A grapheme is what the user thinks of as a single character

You don’t want to operate on code points. A code point is not a unit of writing; one code point is not always a single character. What you should be iterating on is called “extended grapheme clusters”, or graphemes for short. A grapheme is a minimally distinctive unit of writing in the context of a particular writing system. ö is one grapheme. é is one too. And 각.

For example, é (a single grapheme) is encoded in Unicode as e (U+0065 Latin Small Letter E) + ´ (U+0301 Combining Acute Accent). Two code points!

☹️ is U+2639 + U+FE0F
👨‍🏭 is U+1F468 + U+200D + U+1F3ED
🚵🏻‍♀️ is U+1F6B5 + U+1F3FB + U+200D + U+2640 + U+FE0F
y̖̠͍̘͇͗̏̽̎͞ is U+0079 + U+0316 + U+0320 + U+034D + U+0318 + U+0347 + U+0357 + U+030F + U+033D + U+030E + U+035E

What’s ”🤦🏼‍♂️”.length?

Different programming languages will happily give you different answers.

Python 3:

>>> len("🤦🏼‍♂️")
5

JavaScript / Java / C#:

>> "🤦🏼‍♂️".length
7

Rust:

println!("{}", "🤦🏼‍♂️".len());
// => 17

As you can guess, different languages use different internal string representations (UTF-32, UTF-16, UTF-8) and report length in whatever units they store characters in (ints, shorts, bytes).

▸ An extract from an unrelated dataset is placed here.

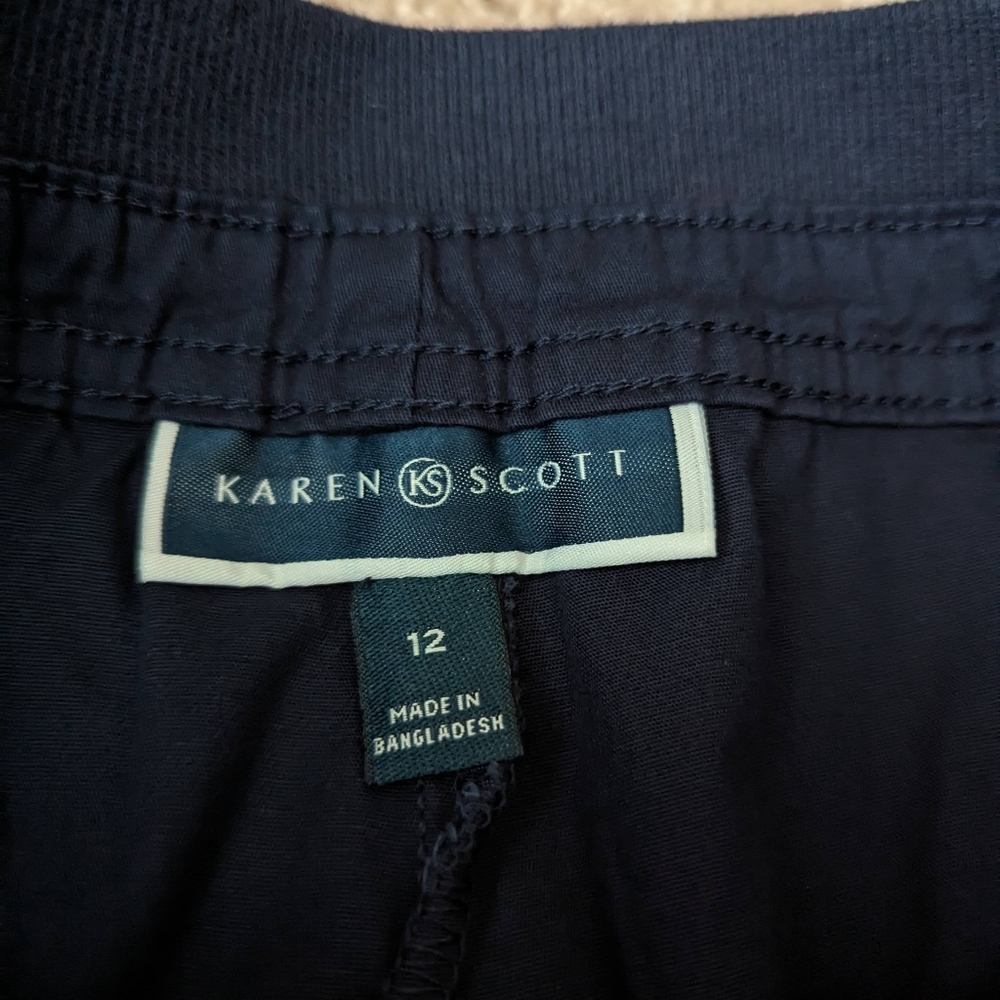 Brand new skort in Navy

BUT! If you ask any normal person, one that isn’t burdened with computer internals, they’ll give you a straight answer: 1. The length of 🤦🏼‍♂️ string is 1.

That’s what extended grapheme clusters are all about: what humans perceive as a single character. And in this case, 🤦🏼‍♂️ is undoubtedly a single character.

The fact that 🤦🏼‍♂️ consists of 5 code points (U+1F926 U+1F3FB U+200D U+2642 U+FE0F) is mere implementation detail. It should not be broken apart, it should not be counted as multiple characters, the text cursor should not be positioned inside it, it shouldn’t be partially selected, etc.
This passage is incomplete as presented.